__ACTIVITY__. Set down exactly each line of the entries below, beginning at the one that contains "Leg Piece Tattoo" and ending at the last, and no others.

-------- RECORDS PROVIDED

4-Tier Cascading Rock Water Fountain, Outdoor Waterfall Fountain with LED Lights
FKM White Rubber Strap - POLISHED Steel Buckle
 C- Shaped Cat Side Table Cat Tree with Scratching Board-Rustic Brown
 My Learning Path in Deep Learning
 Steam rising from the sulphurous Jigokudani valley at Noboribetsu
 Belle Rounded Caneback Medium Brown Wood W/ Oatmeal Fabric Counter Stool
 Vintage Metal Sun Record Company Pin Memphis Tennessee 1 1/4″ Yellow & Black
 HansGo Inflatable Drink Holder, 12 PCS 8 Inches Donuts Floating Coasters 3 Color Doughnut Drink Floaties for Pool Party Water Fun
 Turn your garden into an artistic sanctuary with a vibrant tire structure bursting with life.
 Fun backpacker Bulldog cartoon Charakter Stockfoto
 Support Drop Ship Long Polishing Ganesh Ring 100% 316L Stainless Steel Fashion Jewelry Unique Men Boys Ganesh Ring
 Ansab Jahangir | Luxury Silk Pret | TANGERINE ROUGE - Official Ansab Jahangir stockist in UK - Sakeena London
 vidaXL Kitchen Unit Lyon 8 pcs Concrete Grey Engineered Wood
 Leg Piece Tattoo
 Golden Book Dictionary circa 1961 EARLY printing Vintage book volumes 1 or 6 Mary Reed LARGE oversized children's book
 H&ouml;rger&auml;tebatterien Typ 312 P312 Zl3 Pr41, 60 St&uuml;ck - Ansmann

----------------

__ANSWER SPACE__.
 Leg Piece Tattoo
 Golden Book Dictionary circa 1961 EARLY printing Vintage book volumes 1 or 6 Mary Reed LARGE oversized children's book
 H&ouml;rger&auml;tebatterien Typ 312 P312 Zl3 Pr41, 60 St&uuml;ck - Ansmann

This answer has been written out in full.